Christopher Russell Campling was born on 4 July 1925 into a clergy family. His upbringing was strict but happy. He went to Lancing College as a choral scholar, and then directly into the wartime navy, first as coder, then as captain’s secretary. This took him all over the world, and included the Japanese surrender in Singapore. Summoned from his ship to a selection conference in Colombo, as he later wrote, “I was asked . . . what book I was reading. ‘Pride and Prejudice,’ said I. ‘But does that help you to pray?’ Thinking it over now, the answer is, ‘Yes, all books that help you to new experience, and new insights into the world, help you to pray.’”

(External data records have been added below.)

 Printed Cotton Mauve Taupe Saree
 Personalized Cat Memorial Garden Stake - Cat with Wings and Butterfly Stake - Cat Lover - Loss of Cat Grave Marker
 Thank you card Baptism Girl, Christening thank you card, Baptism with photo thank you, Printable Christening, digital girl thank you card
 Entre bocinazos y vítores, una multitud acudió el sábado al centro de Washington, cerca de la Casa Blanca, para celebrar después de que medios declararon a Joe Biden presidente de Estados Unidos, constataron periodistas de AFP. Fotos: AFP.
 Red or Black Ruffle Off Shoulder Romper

This absolutely sums up his attitude to the faith, and to life.
He read theology at Oxford, and trained at Cuddesdon, where he found the company stimulating but the teaching dull. By this time, he had met and fallen deeply in love with Juliet Hughes, whom he finally and joyously married in 1953. He served his title in the parish of Basingstoke, where he valued the rhythm of daily worship and the traditional training, although he soon sloughed off such advice as never, when preaching at a funeral, to mention the person who had died. He did a huge amount of visiting; planned and built a church; ran, with Juliet, an inspiringly imaginative youth club; and regularly drew more than 300 children to a Sunday-afternoon service.

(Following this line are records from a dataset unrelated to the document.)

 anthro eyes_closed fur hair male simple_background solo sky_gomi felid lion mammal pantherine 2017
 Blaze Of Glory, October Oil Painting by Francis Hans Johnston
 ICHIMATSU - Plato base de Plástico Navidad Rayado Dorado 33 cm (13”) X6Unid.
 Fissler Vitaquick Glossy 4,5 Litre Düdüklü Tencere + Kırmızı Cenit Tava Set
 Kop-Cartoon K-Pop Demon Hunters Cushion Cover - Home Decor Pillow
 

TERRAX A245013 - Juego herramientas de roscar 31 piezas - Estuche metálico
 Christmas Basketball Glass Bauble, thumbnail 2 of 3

Next he became chaplain at King’s School, Ely, and Minor Canon of Ely Cathedral. He developed a new RE syllabus, aiming, as he said, to “present the truth as I understood it, in a way that left people free to make up their minds. . . and what fun we had with the delicious Old Testament stories and the astonishing life and teaching of Jesus and the bungling history of the Church and the juicy ethical problems of the day.”

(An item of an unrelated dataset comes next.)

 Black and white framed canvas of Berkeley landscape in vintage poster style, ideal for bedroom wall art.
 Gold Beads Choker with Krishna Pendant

He began to write a four-part course on the teaching of RE, eventually published in 1965 as The Way, the Truth and the Life.
In 1960, he became chaplain of Lancing, his old school. Here, in the face of complaints from boys about compulsory worship, he devised all sorts of ways to enliven both the teaching and the practice of religion; but a phalanx of conservative teachers resisted any changes to the extremely old-fashioned liturgy. After appalling ructions in the staff room, he was devastated to be asked to leave, along with his fiercest critic, the assistant chaplain, Henry Thorold. Years later, though, they were gladly reconciled.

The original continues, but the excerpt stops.